Your output should consist of the lines from the first line of the records below through the one with "FRAME GP-SLIDING 1858857 CAT", exactly, minus the pictures.

(Captioned web image data)
:::::

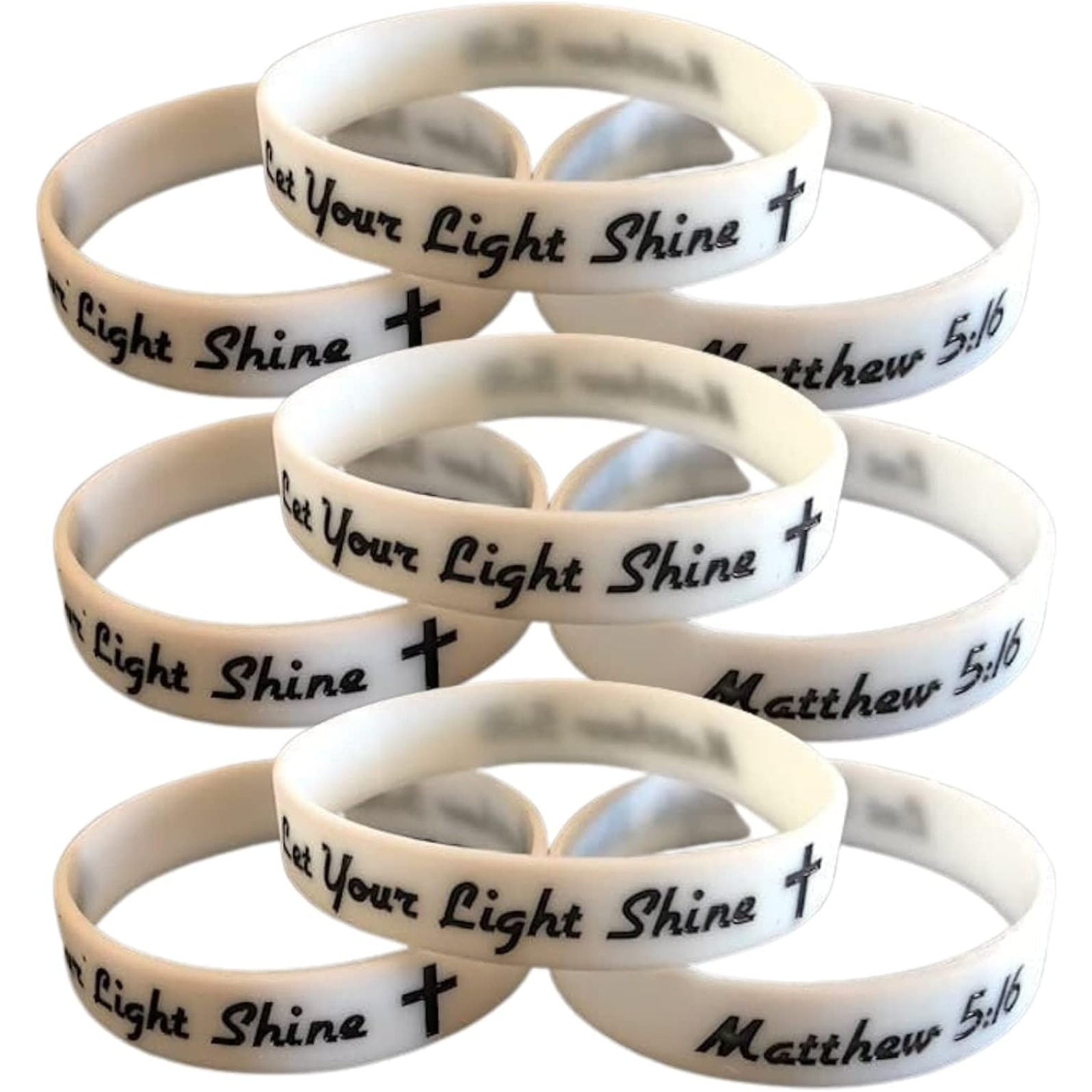 Glow In Dark Let Your Light Shine Matthew 516 Bible Verse Christian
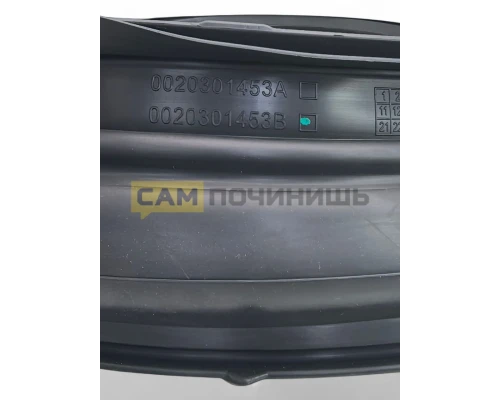 0020301453B Манжета СМА HAIER два отвода открыто, 0020301453A, 0020301453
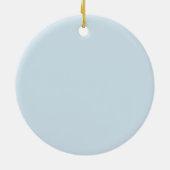 Rodelbahn Snowman Keramik Ornament (Hinten)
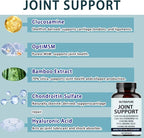 Nutrapure Joint Support - Glucosamine Chondroitin, MSM, Hyaluronic Acid & Bamboo Extract, Maintaining Joint Health - 120 Capsules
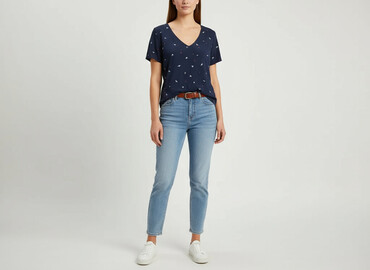 commes des garcon t shirty: Vila, T-shirt damski, rozmiar M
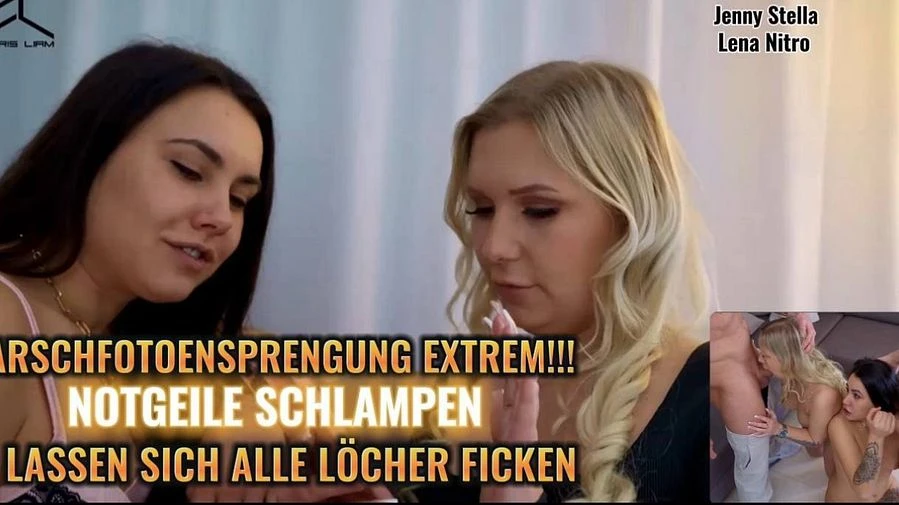 ARSCHFOTZENSPRENGUNG 2 SCHLAMPEN IN ALLE LOeCHER GEFICKT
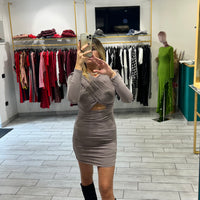 Dress Vale Tortora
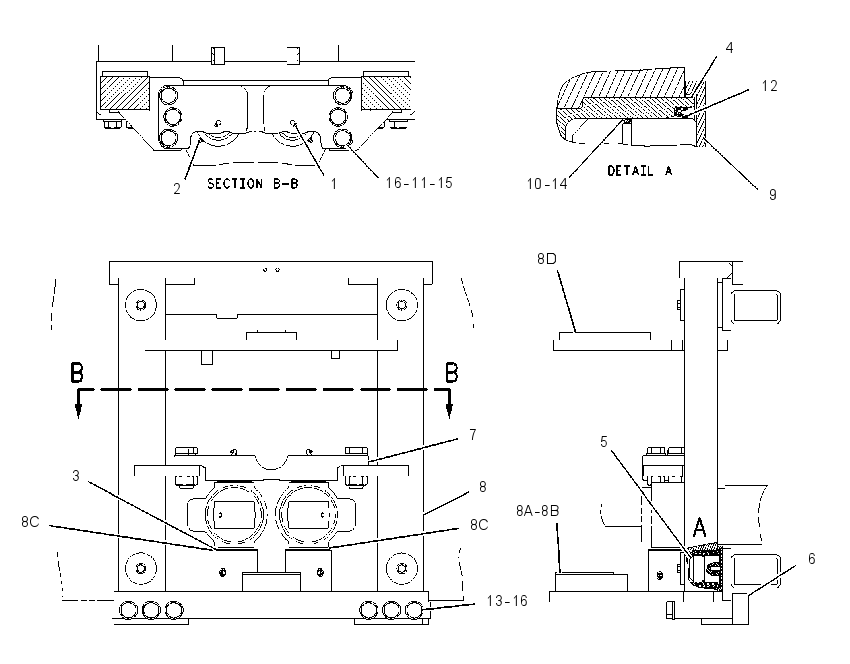 FRAME GP-SLIDING 1858857 CAT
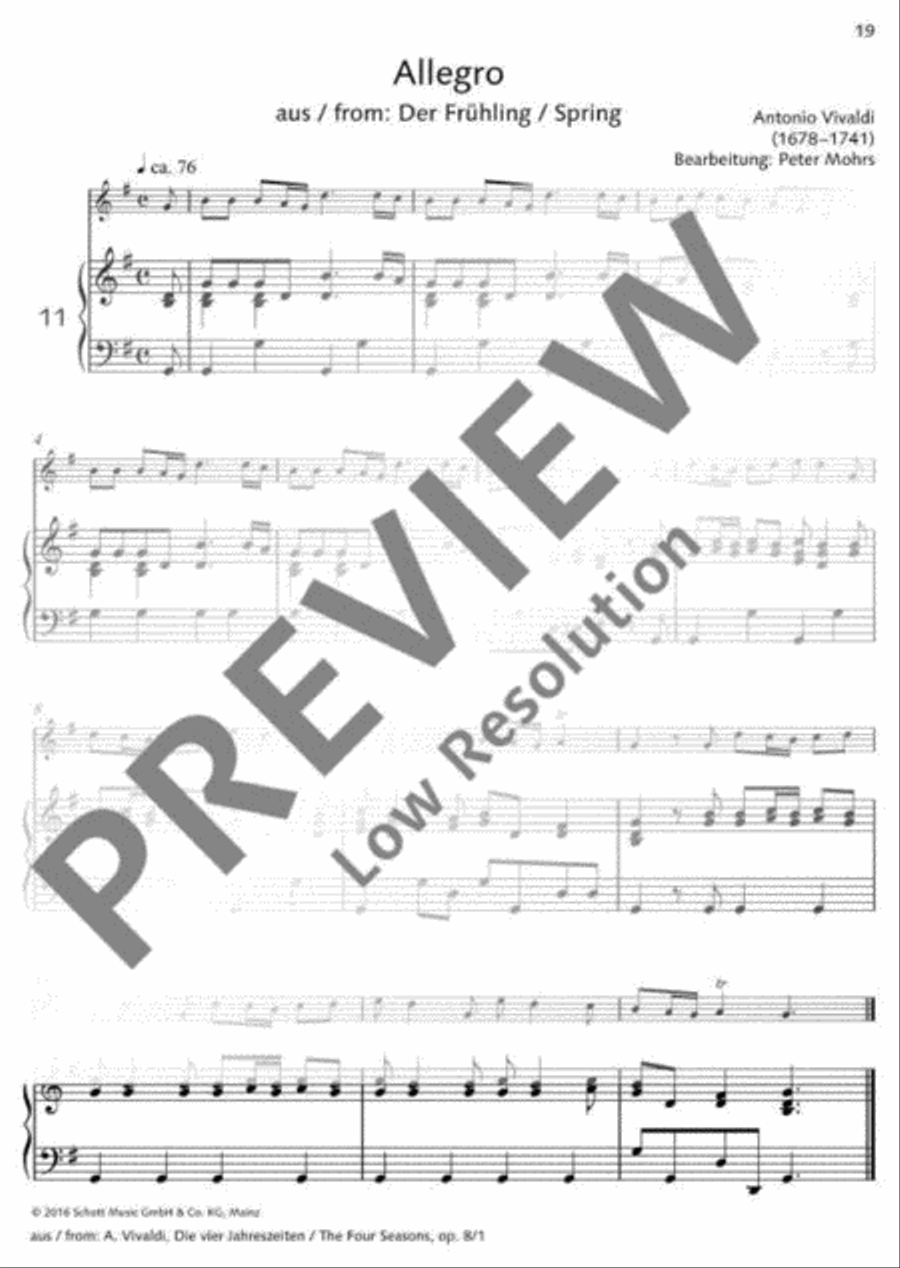 Classical Music for Children Soprano Recorder scores gallery preview page 20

:::::

→ **Answer section**:
 Glow In Dark Let Your Light Shine Matthew 516 Bible Verse Christian
 0020301453B Манжета СМА HAIER два отвода открыто, 0020301453A, 0020301453
 Rodelbahn Snowman Keramik Ornament (Hinten)
 Nutrapure Joint Support - Glucosamine Chondroitin, MSM, Hyaluronic Acid & Bamboo Extract, Maintaining Joint Health - 120 Capsules
 commes des garcon t shirty: Vila, T-shirt damski, rozmiar M
 ARSCHFOTZENSPRENGUNG 2 SCHLAMPEN IN ALLE LOeCHER GEFICKT
 Dress Vale Tortora
 FRAME GP-SLIDING 1858857 CAT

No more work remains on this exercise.